Rew assured his audience that SPP has “robust” tools and procedures in place to maintain reliability, “even when real operating conditions deviate from our forecast.”

“Thanks to the dedication of our staff members and stakeholders, we’re all well positioned to meet the challenges of the upcoming winter season,” he said.

SPP is predicting what Rew called a three-way weather forecast split across its footprint: colder than normal temperatures across the northern section, near normal conditions in the central areas and warmer than normal conditions slightly more likely in the South.

“An isolated extreme event cannot be ruled out,” Rew said.

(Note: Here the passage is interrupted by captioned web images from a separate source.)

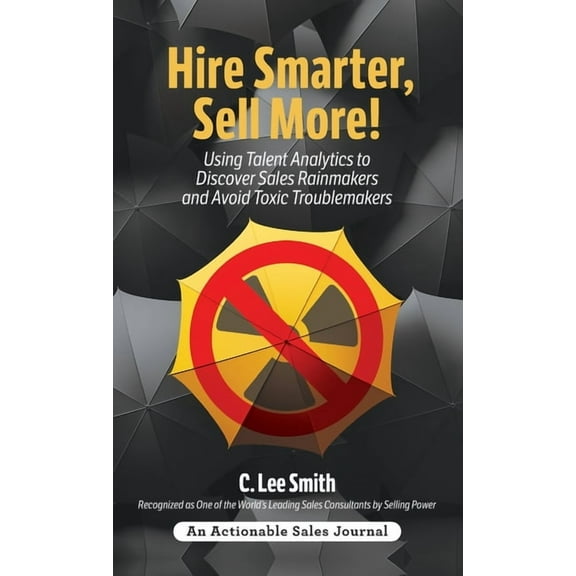 Hire Smarter, Sell More!: Using Talent Analytics to Discover Sales Rainmakers and Avoid Toxic Troublemakers (Hardcover)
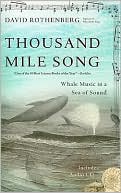 Thousand Mile Song: Whale Music in a Sea of Sound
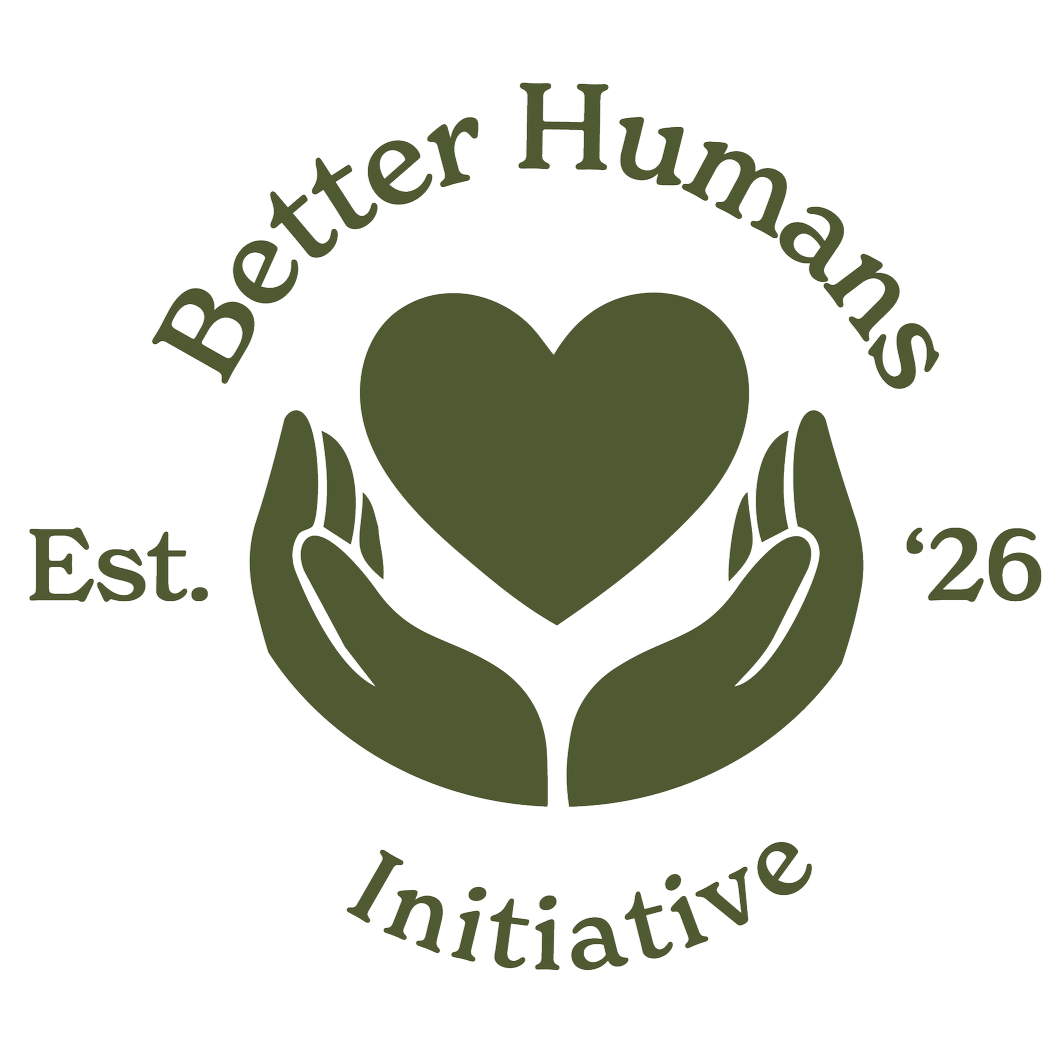 Logo for Better Humans Initiative featuring two hands holding a heart, with text 'Better Humans Initiative', 'Est. 26'.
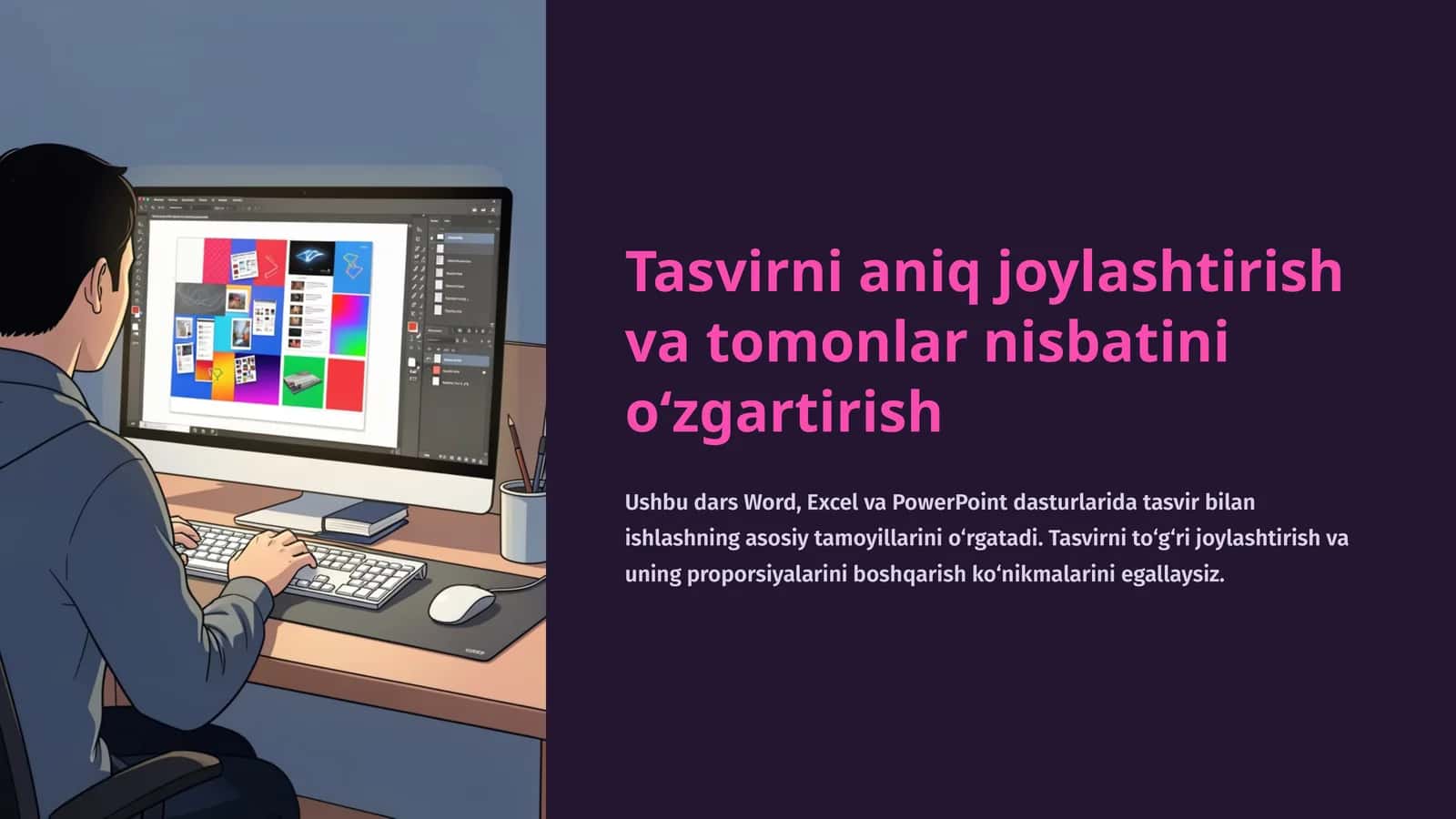 Tasvirni aniq joylashtirish va tomonlar nisbatini o‘zgartirish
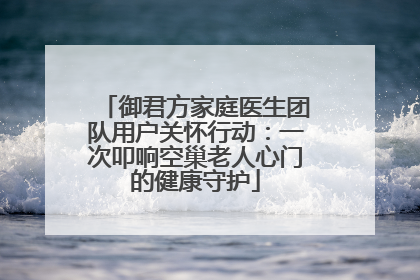 御君方家庭医生团队用户关怀行动：一次叩响空巢老人心门的健康守护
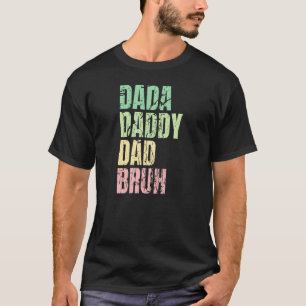 T-shirt Dada Papa Papa Bruh Citation Pour Papa Mens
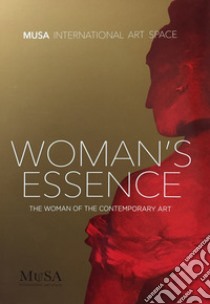 Woman's essence. The woman of the contemporary art. Ediz. illustrata libro di Di Trapani L. F. (cur.)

Staff said SPP expects peak demand to exceed 48.8 GW during the winter. It has more than 64 GW of accredited capacity, a reserve margin of 35% and about 1.2 GW of DR to work with.

The RTO’s load-responsible entities are required to meet a 15% planning reserve margin for both the summer and winter seasons in 2025. The winter PRM ratchets up to 36% for the 2026-27 winter season.

The grid operator set a record winter peak of 48.1 GW in February 2025. Its all-time peak is 56.2 GW, set in August 2023.